___ RECORDS FOR THE TASK ___
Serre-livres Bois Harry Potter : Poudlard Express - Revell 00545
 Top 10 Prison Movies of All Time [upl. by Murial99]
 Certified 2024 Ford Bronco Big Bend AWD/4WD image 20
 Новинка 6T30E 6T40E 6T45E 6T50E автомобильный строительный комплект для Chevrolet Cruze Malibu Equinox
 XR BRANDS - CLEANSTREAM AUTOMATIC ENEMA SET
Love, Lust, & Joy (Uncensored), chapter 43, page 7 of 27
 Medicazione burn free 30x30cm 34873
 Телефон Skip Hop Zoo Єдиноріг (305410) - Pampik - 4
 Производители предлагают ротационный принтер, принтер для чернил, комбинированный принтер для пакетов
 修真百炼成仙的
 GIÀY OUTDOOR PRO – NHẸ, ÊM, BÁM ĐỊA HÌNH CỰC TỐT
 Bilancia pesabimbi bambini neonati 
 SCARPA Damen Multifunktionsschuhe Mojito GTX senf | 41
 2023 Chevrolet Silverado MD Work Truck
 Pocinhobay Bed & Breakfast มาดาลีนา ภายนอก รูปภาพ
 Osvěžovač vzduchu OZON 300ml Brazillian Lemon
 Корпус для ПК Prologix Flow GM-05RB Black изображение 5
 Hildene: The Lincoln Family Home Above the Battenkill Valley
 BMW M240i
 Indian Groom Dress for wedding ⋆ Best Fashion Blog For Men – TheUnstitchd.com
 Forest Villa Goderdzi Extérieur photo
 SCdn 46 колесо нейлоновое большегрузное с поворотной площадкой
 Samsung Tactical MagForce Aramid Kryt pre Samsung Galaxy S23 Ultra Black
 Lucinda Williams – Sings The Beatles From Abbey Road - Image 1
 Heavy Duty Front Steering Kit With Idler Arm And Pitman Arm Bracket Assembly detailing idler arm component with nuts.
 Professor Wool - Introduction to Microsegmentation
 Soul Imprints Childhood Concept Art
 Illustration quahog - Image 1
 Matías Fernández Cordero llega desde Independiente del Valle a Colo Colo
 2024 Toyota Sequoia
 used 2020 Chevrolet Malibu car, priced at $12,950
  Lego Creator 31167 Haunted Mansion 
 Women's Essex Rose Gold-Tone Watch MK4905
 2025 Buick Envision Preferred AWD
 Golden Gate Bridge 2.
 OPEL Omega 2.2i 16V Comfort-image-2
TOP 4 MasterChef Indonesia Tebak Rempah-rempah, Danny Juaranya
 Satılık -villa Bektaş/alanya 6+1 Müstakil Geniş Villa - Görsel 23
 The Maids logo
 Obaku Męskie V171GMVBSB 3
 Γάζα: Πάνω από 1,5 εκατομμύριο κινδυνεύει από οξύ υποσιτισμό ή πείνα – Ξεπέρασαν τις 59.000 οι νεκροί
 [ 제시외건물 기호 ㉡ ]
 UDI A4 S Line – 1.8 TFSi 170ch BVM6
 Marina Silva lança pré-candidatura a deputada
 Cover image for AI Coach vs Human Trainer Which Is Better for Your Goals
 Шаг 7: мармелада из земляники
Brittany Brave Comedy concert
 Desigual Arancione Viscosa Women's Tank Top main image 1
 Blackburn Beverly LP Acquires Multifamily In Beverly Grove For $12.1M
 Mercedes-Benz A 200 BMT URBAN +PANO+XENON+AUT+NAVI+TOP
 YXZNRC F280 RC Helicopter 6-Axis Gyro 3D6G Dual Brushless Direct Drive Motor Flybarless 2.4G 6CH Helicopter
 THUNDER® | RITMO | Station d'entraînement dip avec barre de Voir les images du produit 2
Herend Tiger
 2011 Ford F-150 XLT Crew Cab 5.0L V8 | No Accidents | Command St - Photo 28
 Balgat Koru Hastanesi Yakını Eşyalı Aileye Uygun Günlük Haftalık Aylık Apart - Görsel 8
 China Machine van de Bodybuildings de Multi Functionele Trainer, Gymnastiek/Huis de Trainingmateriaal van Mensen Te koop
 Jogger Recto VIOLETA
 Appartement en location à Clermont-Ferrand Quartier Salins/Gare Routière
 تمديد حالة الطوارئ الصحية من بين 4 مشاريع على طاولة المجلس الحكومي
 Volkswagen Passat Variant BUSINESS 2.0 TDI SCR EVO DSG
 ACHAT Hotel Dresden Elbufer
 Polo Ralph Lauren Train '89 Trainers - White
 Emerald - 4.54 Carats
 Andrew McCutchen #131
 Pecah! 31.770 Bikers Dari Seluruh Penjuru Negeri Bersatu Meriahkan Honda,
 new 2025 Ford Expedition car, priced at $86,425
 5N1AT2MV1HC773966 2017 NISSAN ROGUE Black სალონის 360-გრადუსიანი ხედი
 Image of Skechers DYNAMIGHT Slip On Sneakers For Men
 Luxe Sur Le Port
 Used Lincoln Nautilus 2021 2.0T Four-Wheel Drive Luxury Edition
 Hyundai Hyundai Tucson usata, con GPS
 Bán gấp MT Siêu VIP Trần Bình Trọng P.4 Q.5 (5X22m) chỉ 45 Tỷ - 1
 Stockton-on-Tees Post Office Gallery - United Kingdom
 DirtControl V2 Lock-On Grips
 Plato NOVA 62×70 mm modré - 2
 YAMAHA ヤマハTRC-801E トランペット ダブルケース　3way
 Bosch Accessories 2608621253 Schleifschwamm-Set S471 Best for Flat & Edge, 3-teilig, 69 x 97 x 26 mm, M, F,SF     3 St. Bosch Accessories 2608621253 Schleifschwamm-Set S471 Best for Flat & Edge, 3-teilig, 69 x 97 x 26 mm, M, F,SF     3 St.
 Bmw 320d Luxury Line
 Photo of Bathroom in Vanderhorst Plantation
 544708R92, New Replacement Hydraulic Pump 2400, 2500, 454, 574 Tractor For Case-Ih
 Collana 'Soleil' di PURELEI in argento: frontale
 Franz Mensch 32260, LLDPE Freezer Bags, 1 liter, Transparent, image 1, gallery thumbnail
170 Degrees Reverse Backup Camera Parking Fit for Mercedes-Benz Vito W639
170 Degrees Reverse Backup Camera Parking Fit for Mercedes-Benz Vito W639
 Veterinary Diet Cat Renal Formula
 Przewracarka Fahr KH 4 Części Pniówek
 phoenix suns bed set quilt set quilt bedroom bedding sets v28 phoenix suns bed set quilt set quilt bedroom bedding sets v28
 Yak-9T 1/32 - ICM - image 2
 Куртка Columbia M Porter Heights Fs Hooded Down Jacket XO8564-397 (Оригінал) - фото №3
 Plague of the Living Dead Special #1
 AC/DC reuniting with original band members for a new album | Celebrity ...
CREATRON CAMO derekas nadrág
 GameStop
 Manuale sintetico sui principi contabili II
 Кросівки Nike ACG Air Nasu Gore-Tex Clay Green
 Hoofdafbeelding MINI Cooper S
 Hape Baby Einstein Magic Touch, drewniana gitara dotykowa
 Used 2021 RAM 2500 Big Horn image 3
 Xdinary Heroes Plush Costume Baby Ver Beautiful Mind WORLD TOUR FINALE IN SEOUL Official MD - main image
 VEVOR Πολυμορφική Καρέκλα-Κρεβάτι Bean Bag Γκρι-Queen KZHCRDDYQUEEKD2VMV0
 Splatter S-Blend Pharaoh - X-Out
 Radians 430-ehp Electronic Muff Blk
___
## TASK DETAILS
What is needed is every line from the data above that includes the string "Women", copied out.

## SOLVED EXERCISE
 Women's Essex Rose Gold-Tone Watch MK4905
 Desigual Arancione Viscosa Women's Tank Top main image 1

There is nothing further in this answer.